§ WORK INSTRUCTION: Retype exactly what appears below from the line containing "Bandiere di preghiera" down to the line containing "Clarke Smoke Grey", keeping both end lines. Do not include pictures.

§ DATA TO USE:

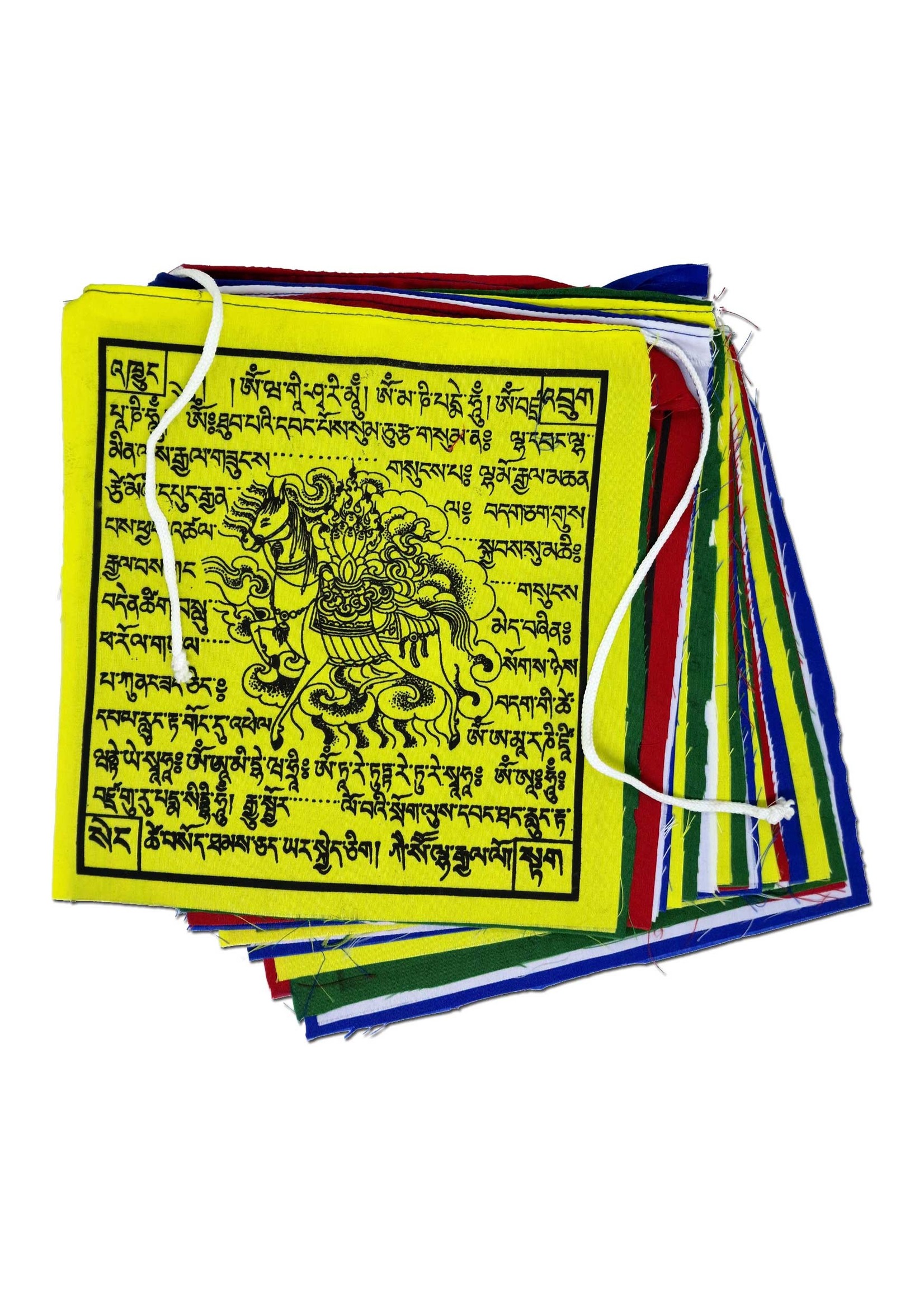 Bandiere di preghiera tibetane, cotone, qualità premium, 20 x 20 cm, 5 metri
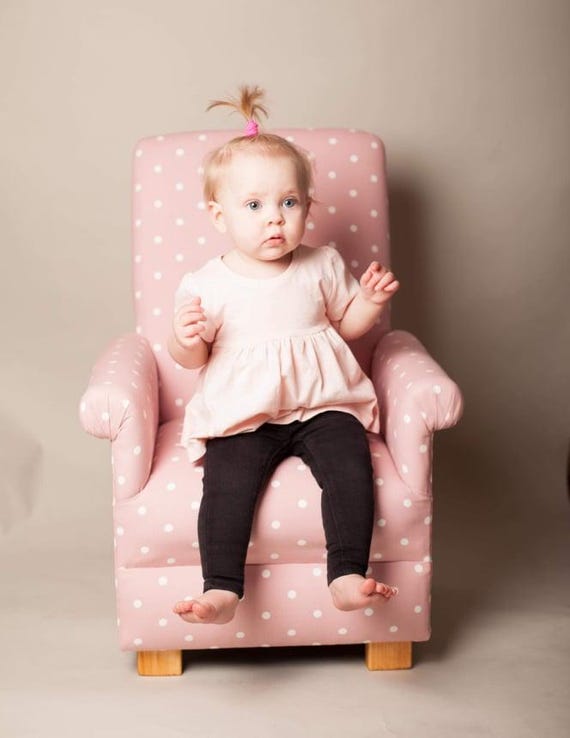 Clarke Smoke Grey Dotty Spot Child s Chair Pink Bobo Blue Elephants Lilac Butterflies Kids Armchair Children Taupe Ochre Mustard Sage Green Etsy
...
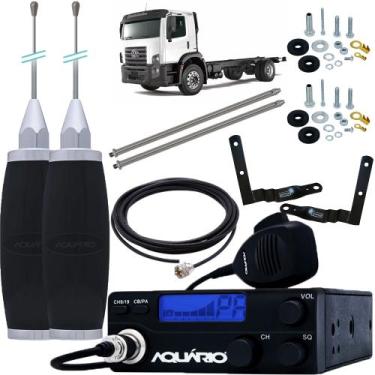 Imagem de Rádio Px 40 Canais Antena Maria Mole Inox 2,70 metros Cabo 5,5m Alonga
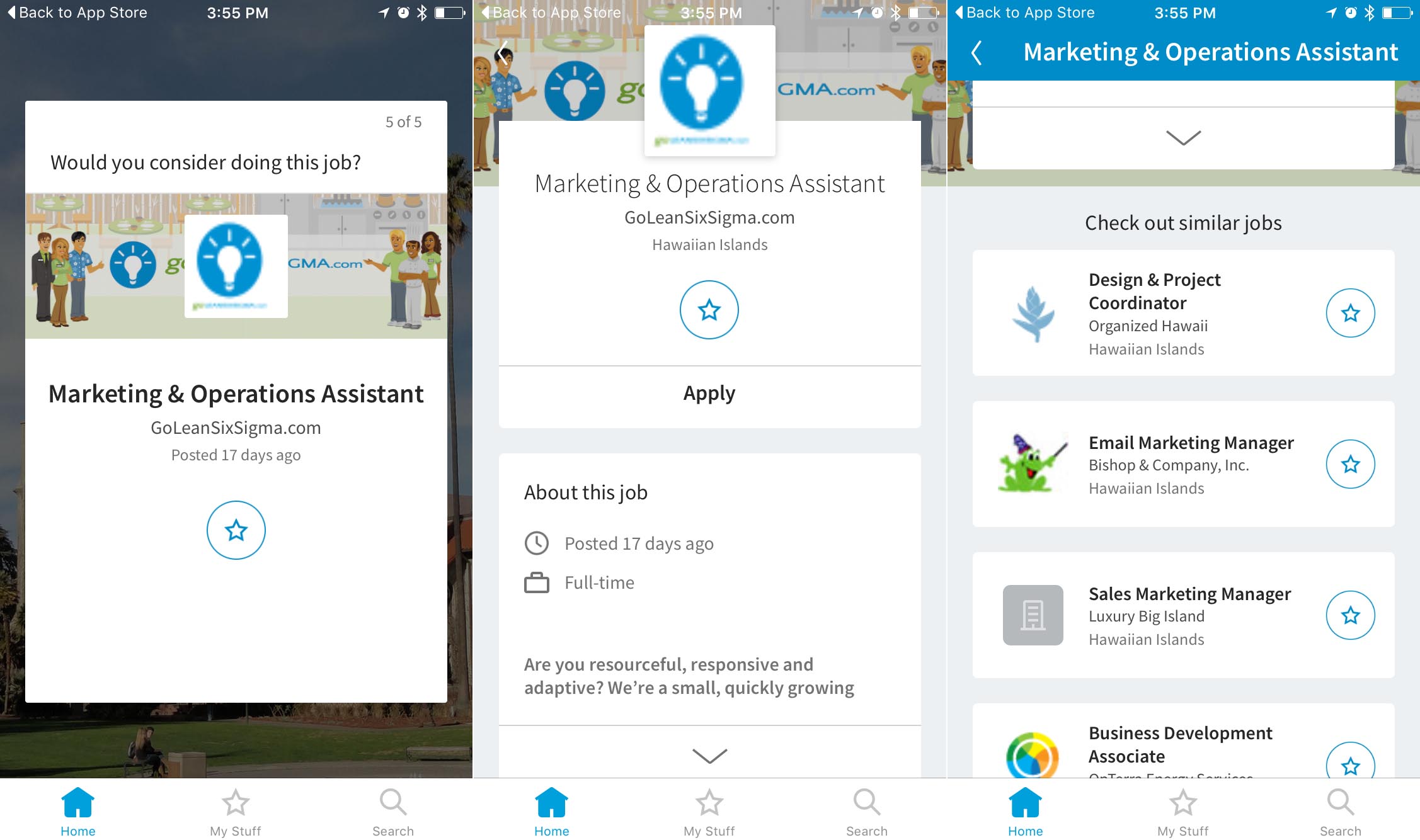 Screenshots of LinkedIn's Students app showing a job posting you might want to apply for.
...
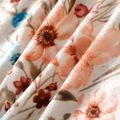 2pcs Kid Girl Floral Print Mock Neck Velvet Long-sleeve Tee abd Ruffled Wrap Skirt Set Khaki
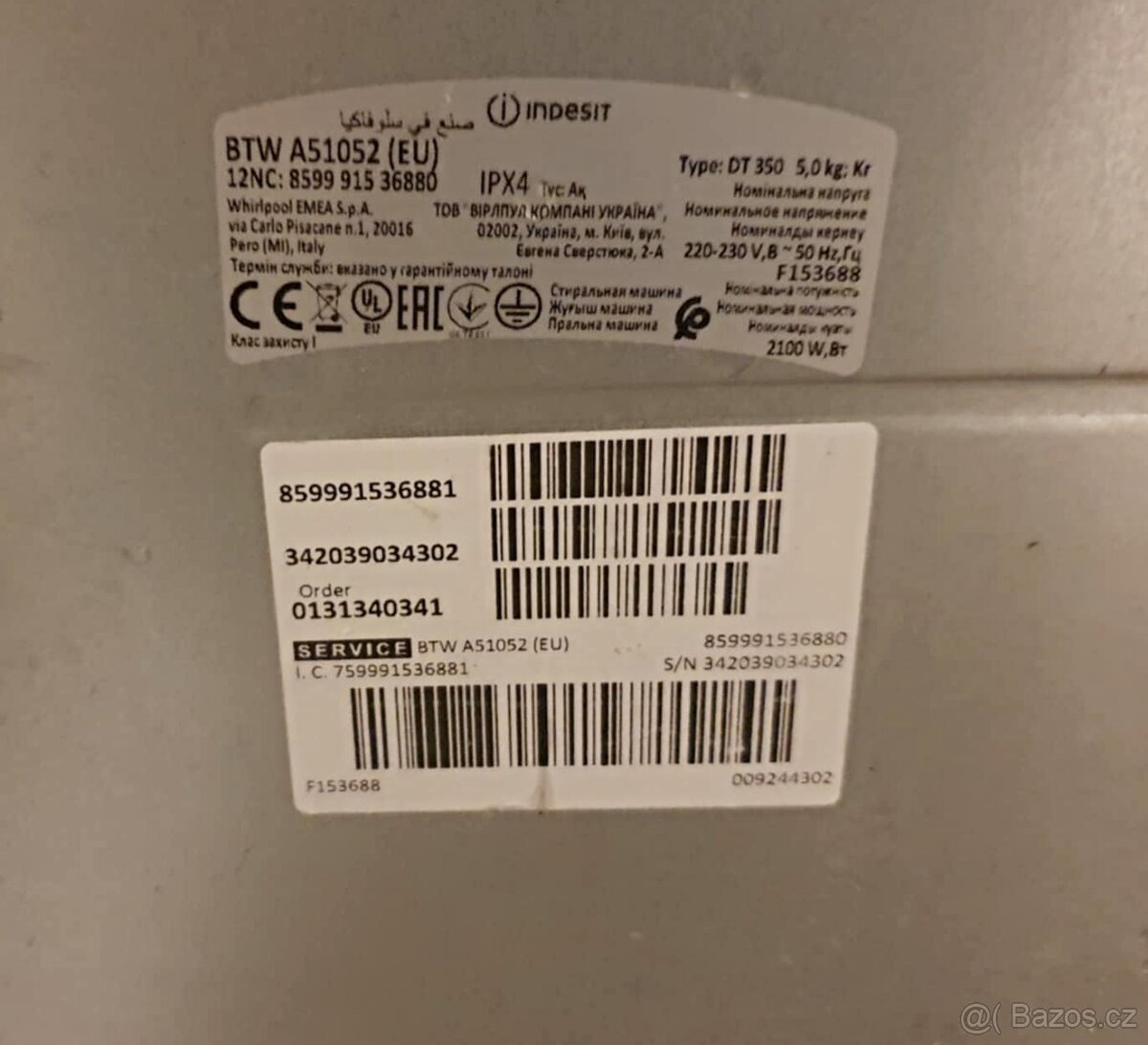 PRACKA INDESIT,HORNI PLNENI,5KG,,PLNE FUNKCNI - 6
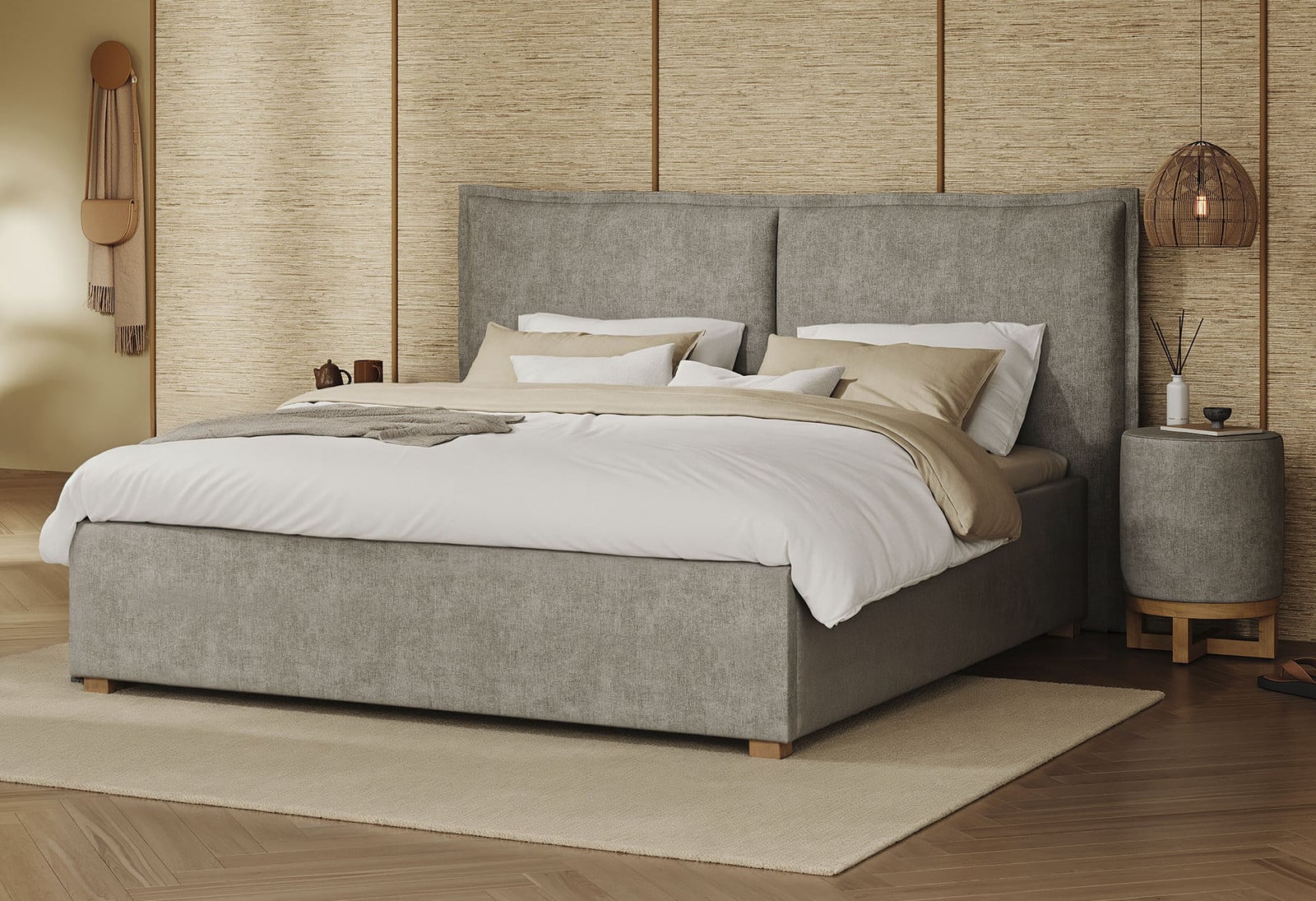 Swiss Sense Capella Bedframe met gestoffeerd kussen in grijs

§ SOLVED EXERCISE:
 Bandiere di preghiera tibetane, cotone, qualità premium, 20 x 20 cm, 5 metri
 Clarke Smoke Grey Dotty Spot Child s Chair Pink Bobo Blue Elephants Lilac Butterflies Kids Armchair Children Taupe Ochre Mustard Sage Green Etsy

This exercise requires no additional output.